Due to family circumstances, my father was not present the first two years of my life. We got to know each other for a very short while in 1954, during my 2nd year. During that brief time, I had contact with some of the paternal side of my family. I’m glad they had that small part of my youth to hold me in their hearts.
We were separated again until 1969, when Dad met me as a seventeen year-old runaway who searched out her father. I re-met my paternal grandmother, Laura Sureau, spoke to my aunt Amy Sureau Ricahci and later to my favorite uncle I met in my 2nd year, uncle, Ramon Reachi. Those moments are part of the treasure I hold in my heart and share with my Dad, even now.
Through family and my father, I learned a little history of my french roots in Louisiana and a family rich in talents.
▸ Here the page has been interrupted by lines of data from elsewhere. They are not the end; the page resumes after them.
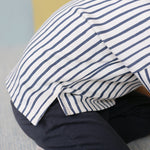 Dropped Shoulder Long Sleeve Top - Stripes Away Ink Blue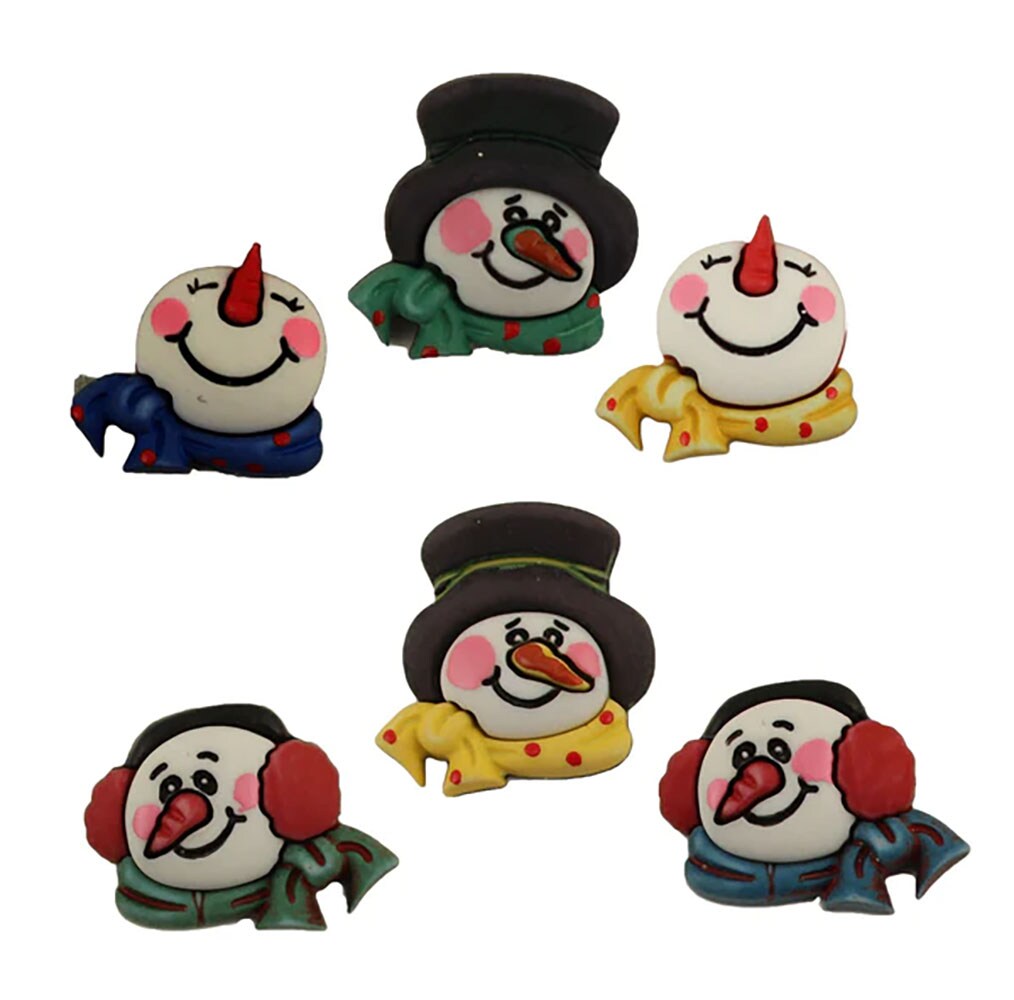 Buttons Galore Novelty Christmas Buttons for Sewing and Crafts - Snowman Medley - 18 Buttons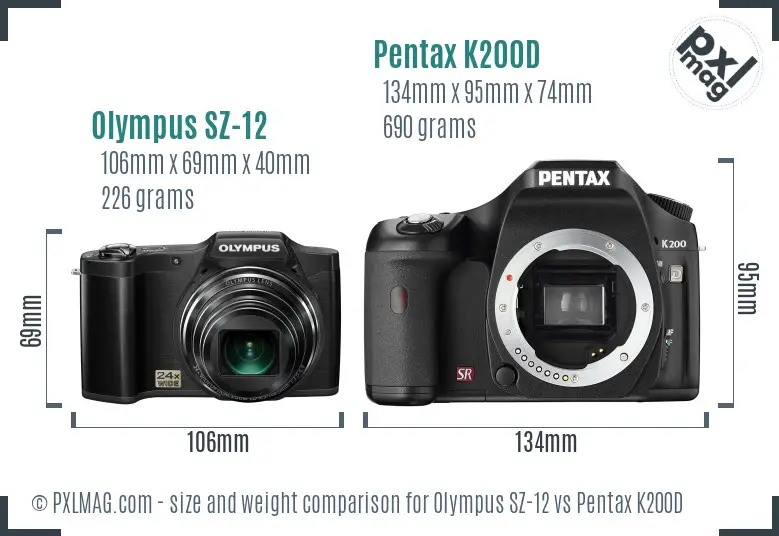 Olympus SZ-12 vs Pentax K200D size comparison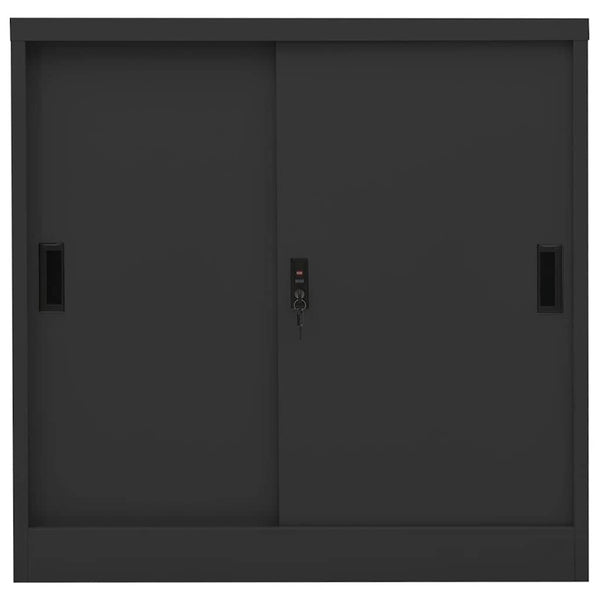 vidaXL Filing Cabinet with Sliding Door Anthracite 90x40x90 cm Steel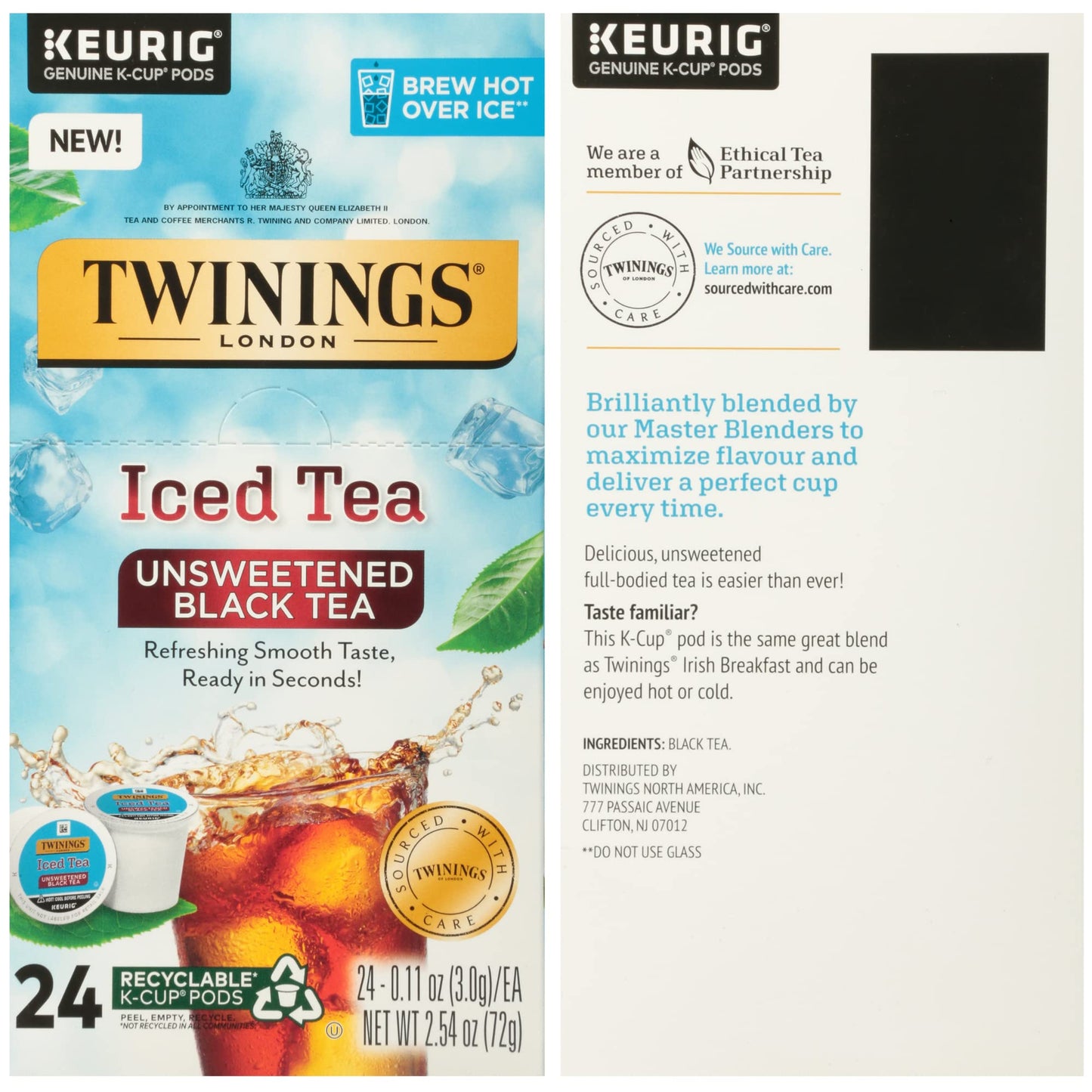 Twinings Iced Tea Unsweetened Black Tea K-Cup Pods for Keurig, Caffeinated, Refreshing, Smooth, Black Tea, 24 Count (Pack of 4)
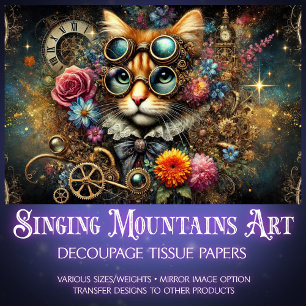 Elegant Victorian Steampunk Tabby Cat Decoupage  Tissue Paper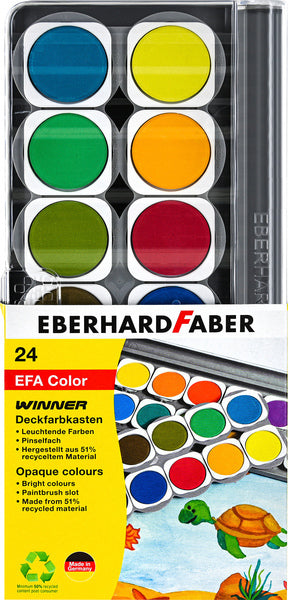 Eberhard Faber EF-578324 Farbbox Gewinner 24 Farben + Mischpalette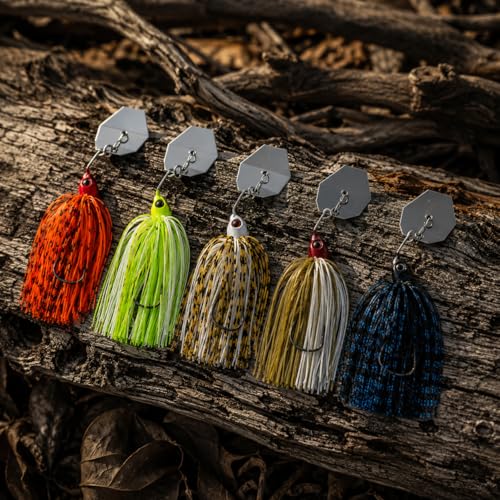 Bladed Jig Fishing Lures, Irresistible Vibrating Action, Sticky-Sharp Heavy-Wire Needle Point Hooks, 5Pcs 1/2 oz Multi-Color Kits with Storage Bag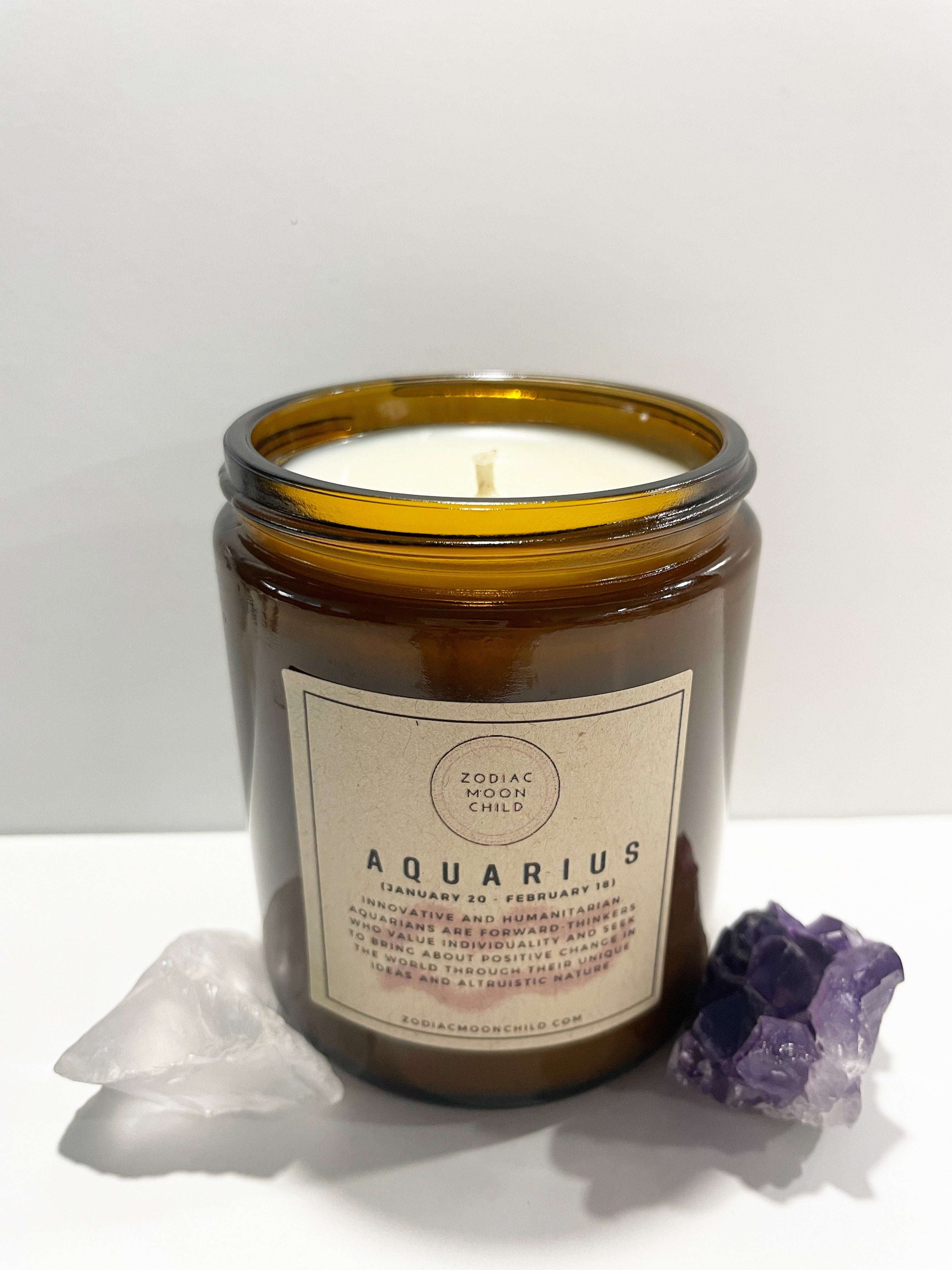 Aquarius Zodiac Astrology Soy Spiritual Candle for Manifestation and Positivity in Your Sacred Space - 100% Natural Soy Wax, Energy, Horoscope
With marriages to other talented families, our family has shone with many stars across the world. My father was but one part of a family that continues on in the arts.
My father was under contract to Hal Roche Studios as a child. It was a hard time to be a childhood actor and did nothing to prepare those kids for life, long before child-labor laws. It was a short-lived career. “Talkies” became popular and my father was dropped due to his voice.
The hardness of never making it beyond that point and other disappointments, robbed a talented and full ship of the wind from its sails. My father had a hard life full of scrapes with the law and justice system, mental health services and others. He had a high I.Q. and was one of those bright people who was never found out and nurtured towards success. And, he never figured success out for himself. He was full of ideas and hard to nail down to others’ expectations.
As hard a man as he was to get along with and despite the sadness of his life, I came to know him as my Dad. He said I was his sole issue.
I have been told that in addition to childhood acting, my father was a talented photographer that drove for hours for just the right shot. He is said to have even owned his own photography shop. He tinkered with many things including printing and graphics.
I know I definitely got his energetic streak that makes comets out of certain people. We both were born without brakes, so to speak, full of energy and no low speeds to go through life with. I probably got his sense of humor about life too.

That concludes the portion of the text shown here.